O Comitê de Direitos Econômicos, Sociais e Culturais da ONU já endossou o entendimento de que a concentração das bases tributárias aqui exposta não é compatível com os deveres decorrentes do PIDESC. Ao analisar o relatório enviado pelo Egito, as Observações Conclusivas do Comitê versaram sobre a restrição a direitos sociais simultaneamente ao aumento da tributação indireta sobre o consumo, e a conclusão foi pela contrariedade ao PIDESC, pois essas medidas não consideraram outras alternativas mais equitativas:

“O Comitê está preocupado que a redução na proporção dos recursos orçamentários alocados para saúde, educação e habitação resultou no retrocesso no efetivo exercício dos direitos previstos no Pacto, impactando de forma desproporcional indivíduos e grupos em desvantagem e marginalizados. O Comitê também se preocupa com o recurso cada vez maior aos tributos regressivos indiretos sem a prévia análise dos seus potenciais severos impactos nos direitos humanos e a cuidados consideração de alternativas arrecadatórias mais equitativas (art. 2, 1).”30

A dispersão da carga tributária sobre os diversos fatos tributáveis é considerada um mecanismo distributivo que direciona o sistema tributário ao contexto de máxima utilização de recursos disponíveis dentro do qual o Estado signatário se obriga a realizar os direitos previstos no PIDESC e deve, portanto, ser considerada nas reformas tributárias a serem empreendidas.

5. O papel do direito frente ao desafio da tributação de bases móveis no contexto da globalização econômica

Do que foi exposto, podemos concluir que do PIDESC derivam deveres que influenciam a formatação do sistema tributário, principalmente na análise da regressividade e da escolha das bases tributárias.

Contudo, as conclusões alcançadas acima não podem ignorar a crescente concentração da tributação sobre o trabalho e consumo, ao fundamento de que outras bases de tributação gozam de grande mobilidade global e reagem com uma velocidade inalcançável pelos Estados às tentativas de tributação31. O diagnóstico é que os Estados, seguindo essa linha de pensamento, deixam de tributar essas bases, no intuito de atraí-las ou mantê-las conectadas à sua jurisdição, acirrando a concorrência tributária por meio da instauração de regimes tributários favoráveis, tanto no âmbito do direito tributário material (incidência inexistente ou reduzida) quanto no âmbito procedimental (principalmente pela inexistência de fiscalização da origem de recursos e garantia de sigilo).

Isso pode ser levantado como um argumento para sustentar a tese de que, se o Estado está então impedido de tributar essas bases, ignorá-las enquanto fonte de arrecadação tributária e abster-se de implementar um sistema tributário progressivo não poderia levar à inadimplência estatal do dever de realização progressiva dos direitos sociais, dada a impossibilidade de se mobilizar mais recursos por meio dessa tributação.

A resposta jurídica à questão, contudo, deve assumir outra ótica.
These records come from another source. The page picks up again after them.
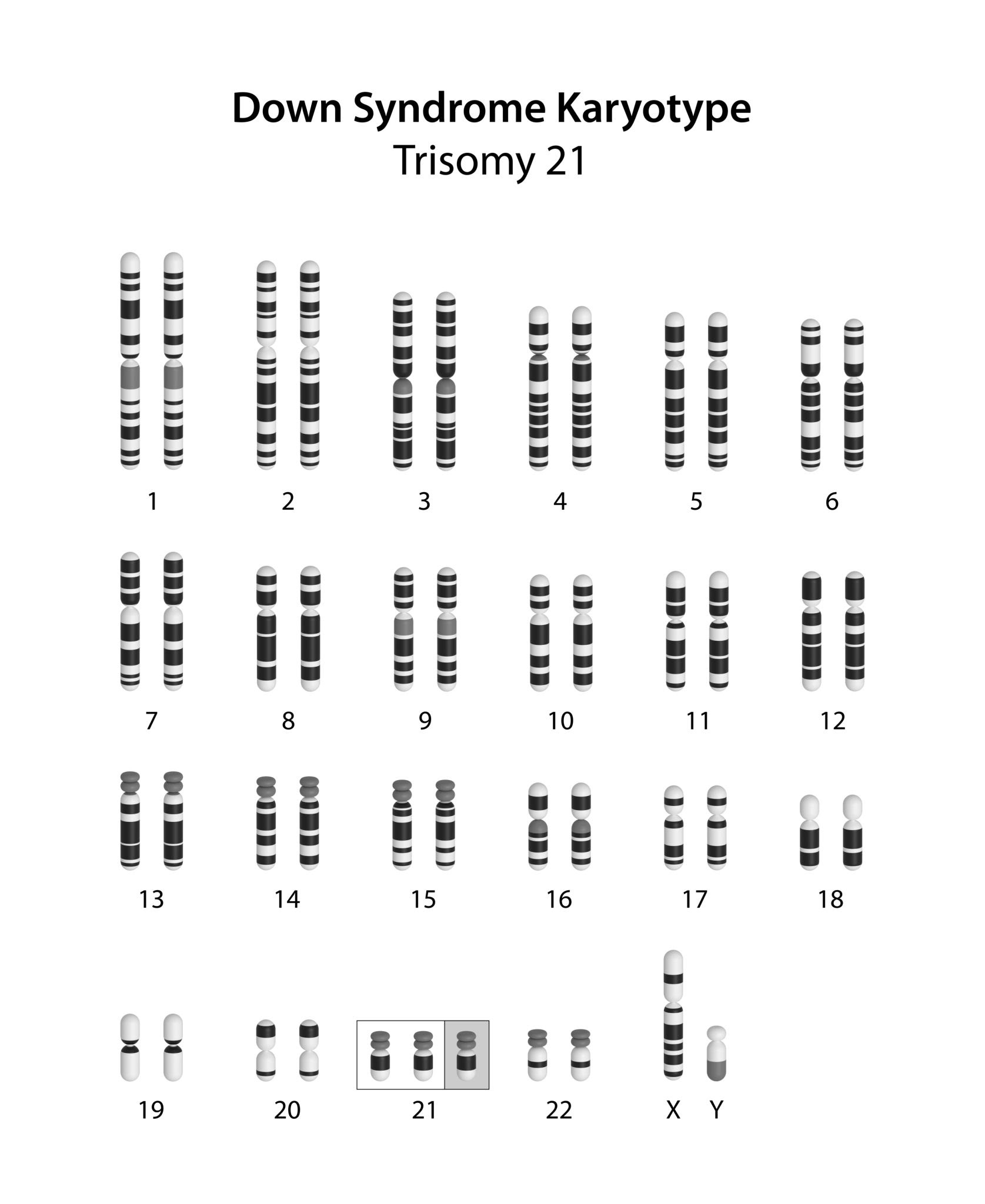 <p>An experimental technique that uses genes to treat or prevent disease by inserting a functional gene into a patient’s cells to replace a missing or malfunctioning one.</p>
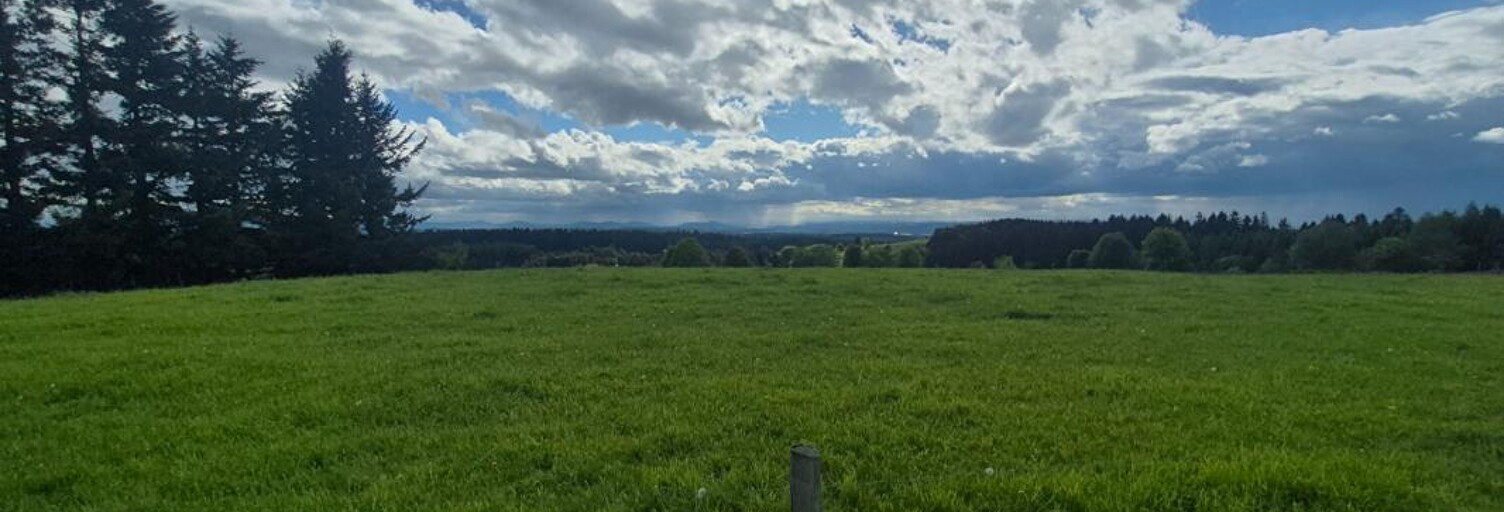 Terrain  1585 m² à vendre à Saint-Genest-Malifaux (42660)
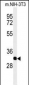 PHB2 Antibody (Y128)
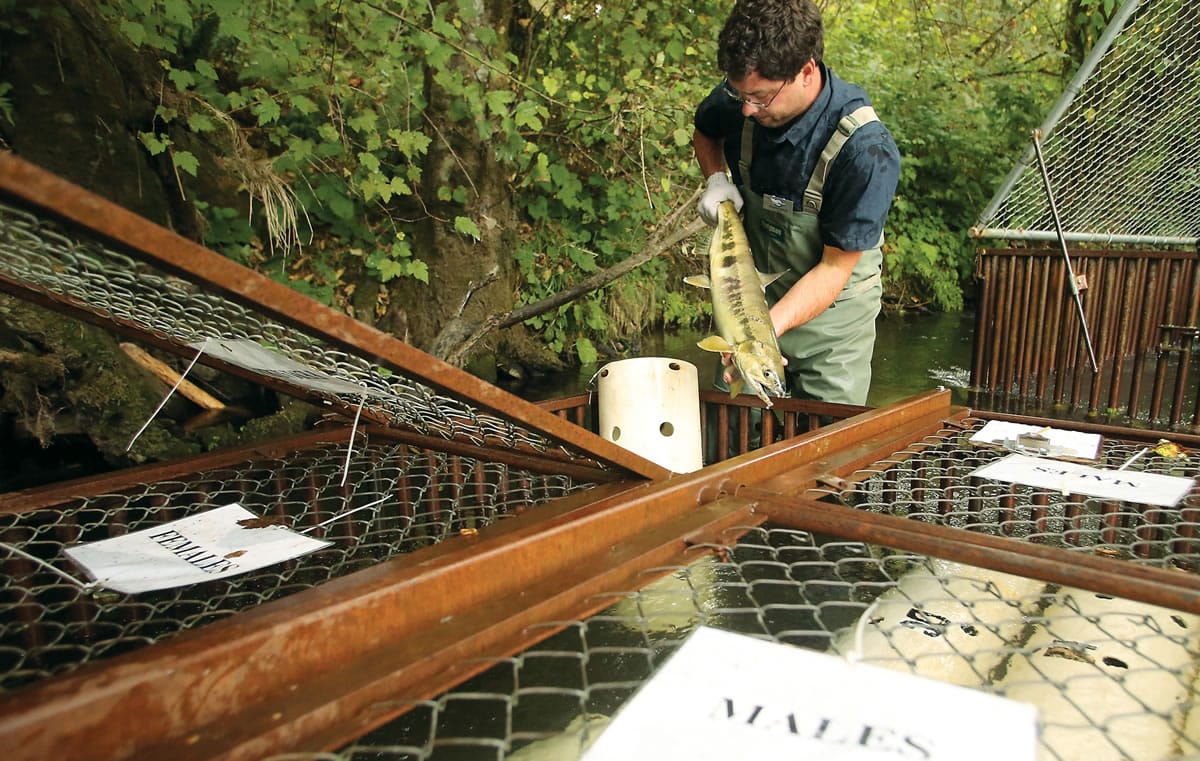 A Hood Canal chum salmon is inspected in Belfair. The Wild Fish Conservancy on Wednesday filed a lawsuit over commercial salmon farms in Puget Sound. The organization contends viruses from the farms are putting wild fish at risk.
Nas palavras de Capano32, “se do ponto de vista econômico essa tendência é inafastável, para além do fato de que ela seja mais ou menos desejável, na ótica do jurista a questão se coloca em termos em parte diversos”. Para o autor, o jurista não pode renunciar aos princípios jurídicos vinculantes sob aquela justificativa, pois a “necessidade de defender a manutenção do sistema tributário da concorrência fiscal imposta pelos processos de mundialização da economia não pode justificar uma redistribuição regressiva do ônus tributário sobre o fator trabalho”.

Cabe ao jurista identificar e censurar as distorções que compreensões inadequadas desses princípios acarretam em razão daquela tendência. Para o autor, uma das principais deformações ocorre na imposição progressiva sobre a renda, que termina por gravar com mais rigor o núcleo familiar médio que compõe a grande massa dos contribuintes do imposto, deixando de fora da tributação rendas que não se adaptam ao sistema de alíquotas progressivas oriundas do capital financeiro e outras fontes dotadas de mobilidade. Isso significa um golpe no dever de solidariedade ao qual está vinculado o imposto33.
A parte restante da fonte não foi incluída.